Fast forward to present day, you’ll be hard pressed to find a team who doesn’t house a stretch-4 on their roster. Being able to shoot the three and put the ball on the deck in a pinch has become more of a prerequisite for the power forward position than, say, being able to score on the low block or pound the offensive glass.
However, with American players adapting to the “European” style of play, and big men growing up idolizing the likes of Kevin Garnett as a face-up big, the attribute that separated most international prospects has dissipated.
Just look at the premier bigs in the association — both Anthony Davis and DeMarcus Cousins, the two lone 20-and-10 big men in the NBA this year, prefer to play facing up.
As such, over the past handful of years, countries like Spain, Lithuania, France, and Serbia — just to name a few — are churning out traditional centers at a rapid rate.
Just like 20 years ago, they recognize they have no way of replicating a LeBron James or a Kevin Durant; instead, why not develop seven-foot traditional bruisers — an aspect and a position that many perceive as the major weak link today’s game?
Many would agree, though, the center position is making a comeback.
Sure, having generational talents like a Cousins and Karl-Anthony Towns helps tremendously; but looking at the depth of the position and you’ll find an army of European bigs who are either at the upper-echelon at the center hierarchy or are one of the more highly-touted up-and-coming prospects.

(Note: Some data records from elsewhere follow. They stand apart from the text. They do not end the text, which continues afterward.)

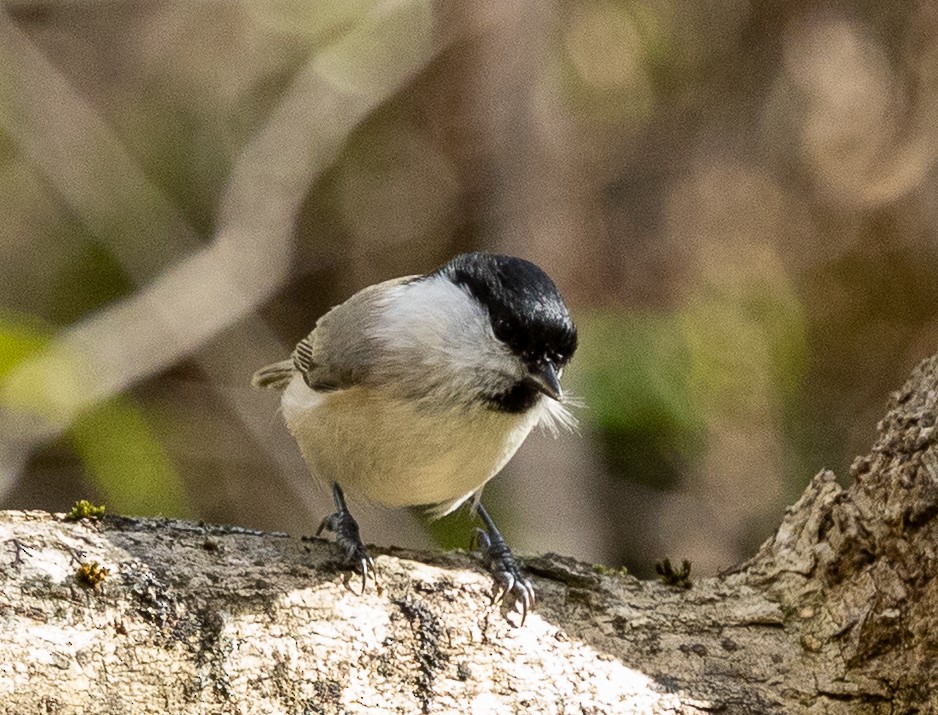 Хар толгойт хөх бух - ML644060693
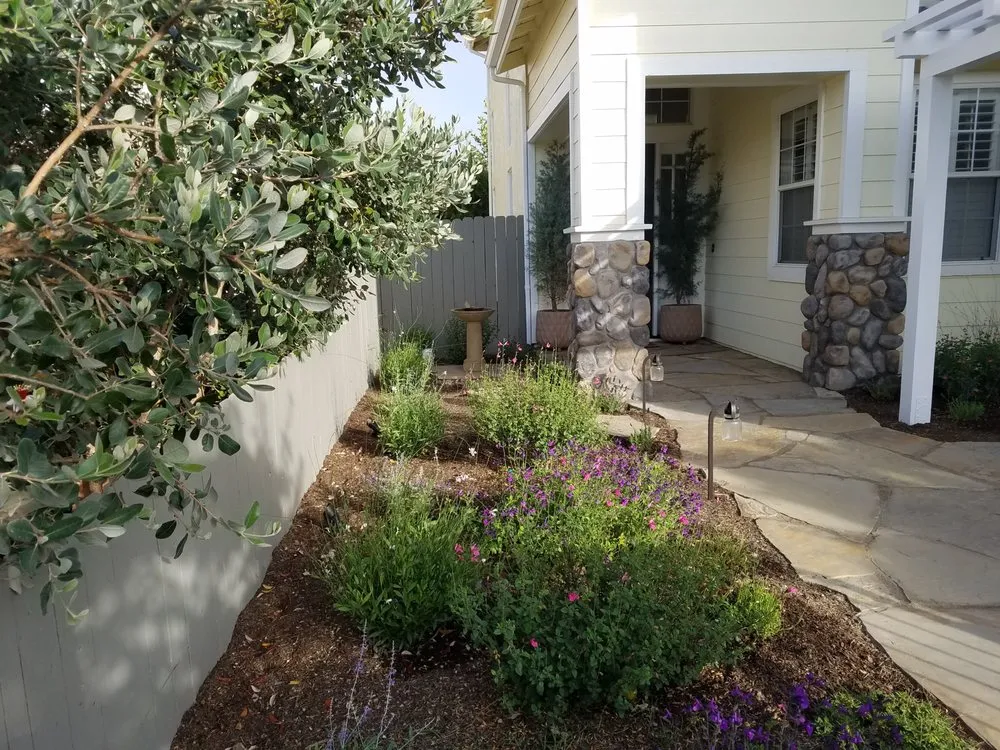 Custom outdoor landscaping with custom design across Buellton, CA - TCT Landscaping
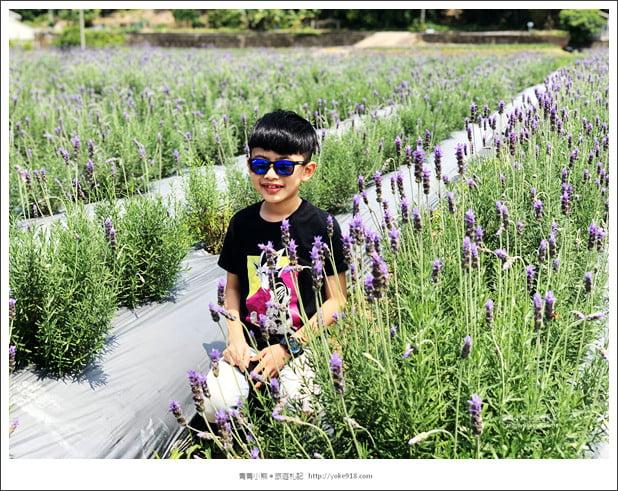 苗栗景點》葛瑞絲香草田~苗栗頭屋薰衣草花田，紫色一片超浪漫 @青青小熊＊旅遊札記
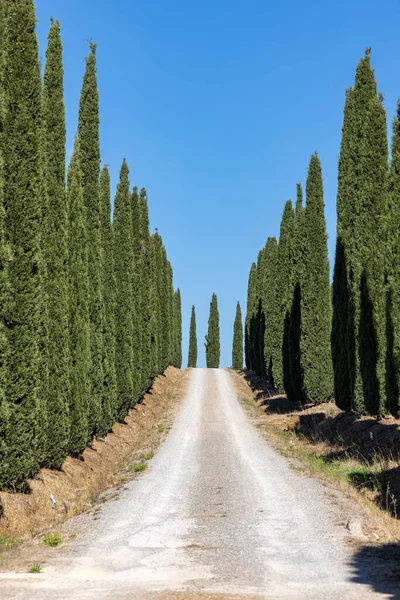 Ulička Cypřišových Stromů Toskánsku Itálie — Stock fotografie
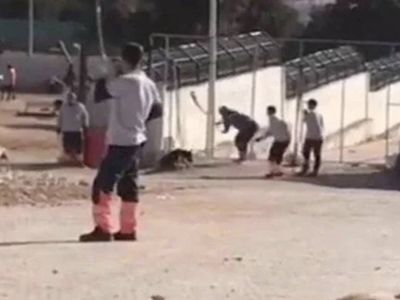 Konya hayvan barınağı vahşeti:  Tarım Bakanlığı’ndan açıklama yapıldı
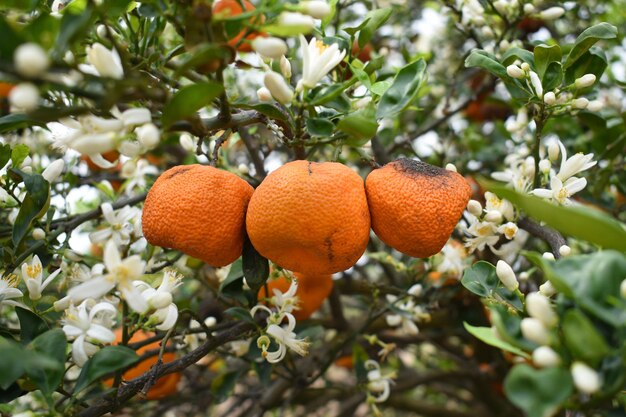 ripe oranges on tree closeup of a beautiful orange tree with orange fruit hanging on a tree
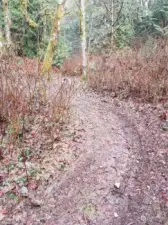 The path/roadway going up the other end of the property past the creek and cove.
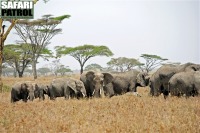 Elefanthjord i Seroneraomrdet. (Serengeti National Park, Tanzania)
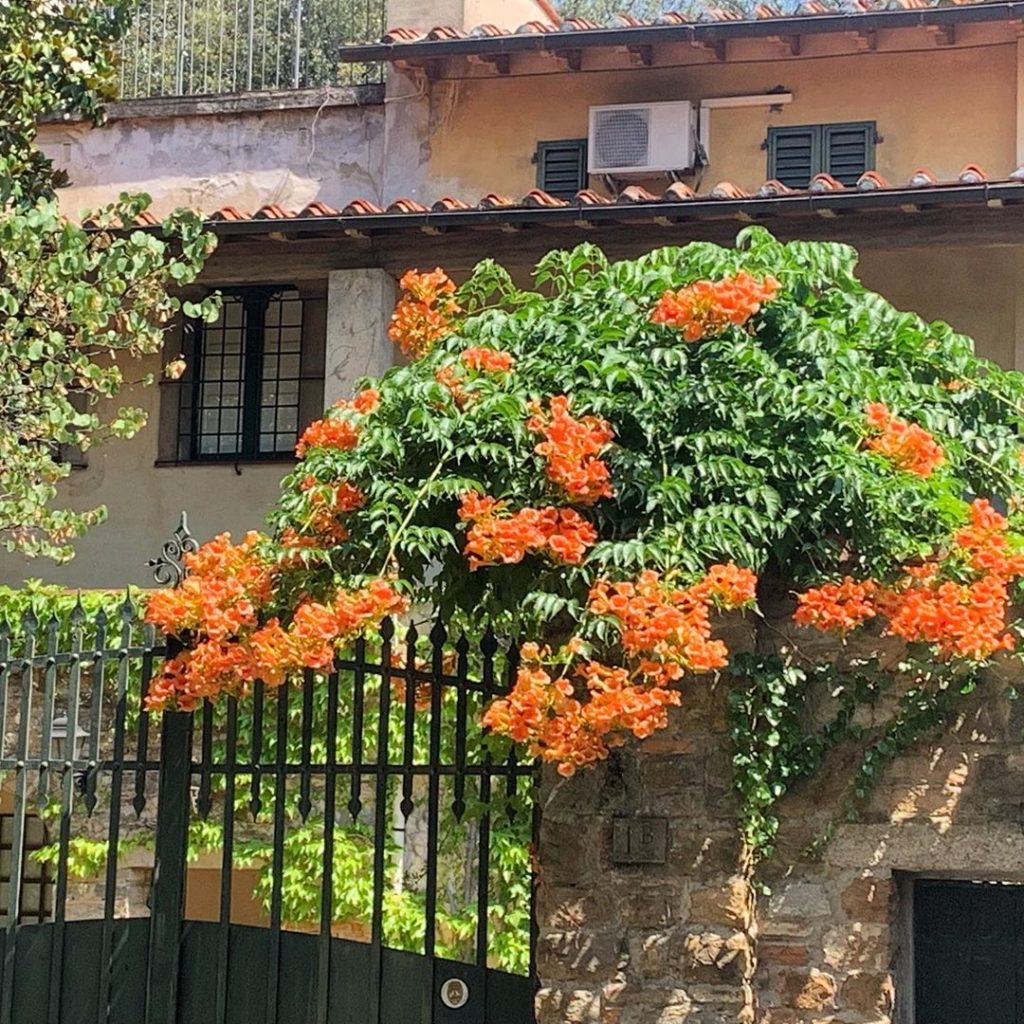 Scrambling over a wall hot to the touch in the afternoon sun with elegantly ‘dis...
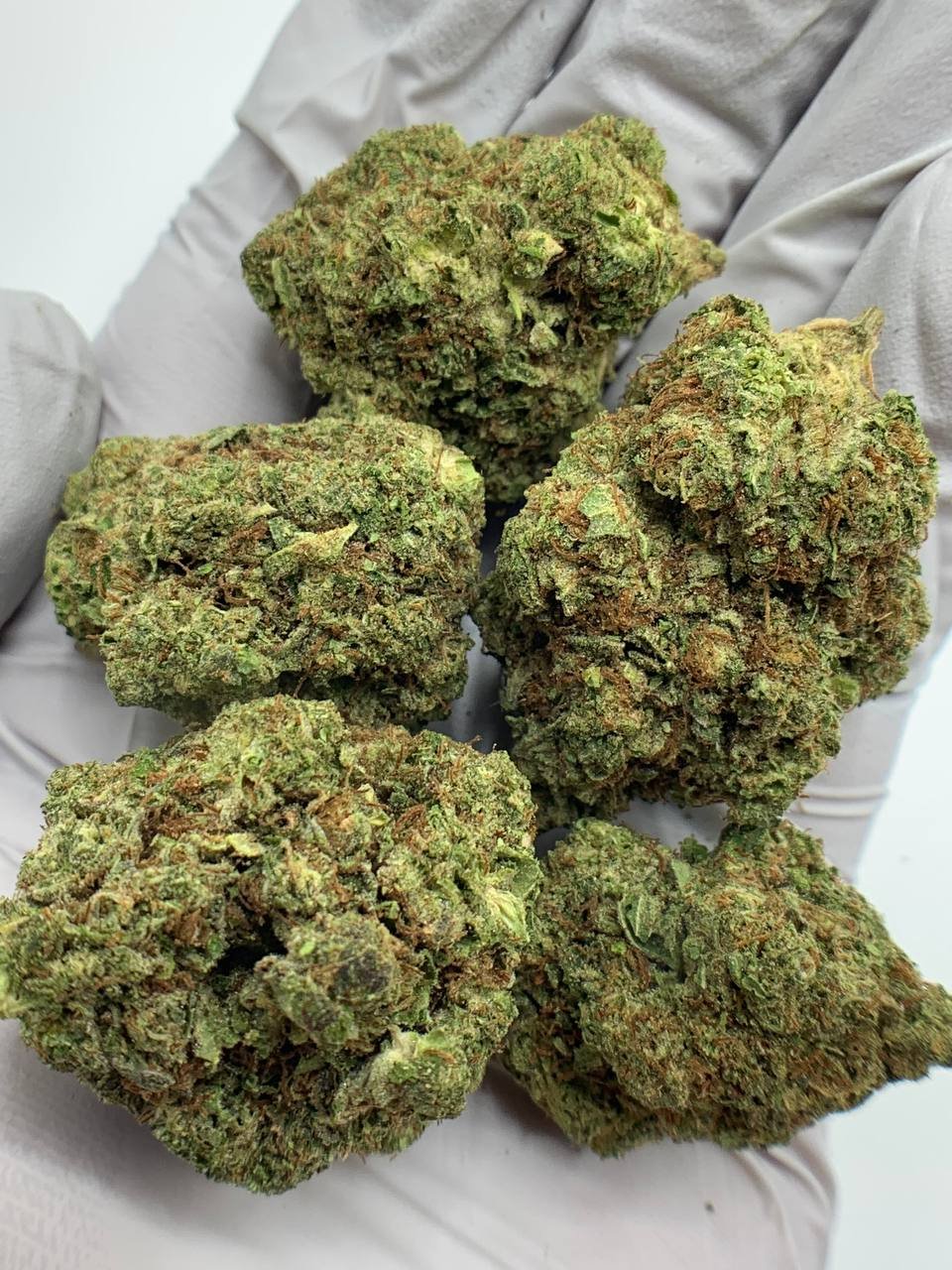 London Pound Cake THCa Flower buds with creamy vanilla and lemon hues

I’m talking about established behemoths like Marc Gasol, Zaza Pachulia, Marcin Gortat, Jonas Valanciunus, Nikola Vucevic and Timofey Mozgov, as well as potential-filled studs like Kristaps Porzingis, Rudy Gobert, Nikola Jokic, Jusuf Nurkic, Boban Marjanovic (who is breaking the internet bit by bit with each passing day) and Alex Len.
So while for the first time in forever, the NBA All-Star game will be without the presence of a European, the continent as a whole continues to supply the league with its biggest needs — filling its largest voids.
And as we enter in this new age of three-point crazed basketball, don’t expect this trend dampen anytime soon.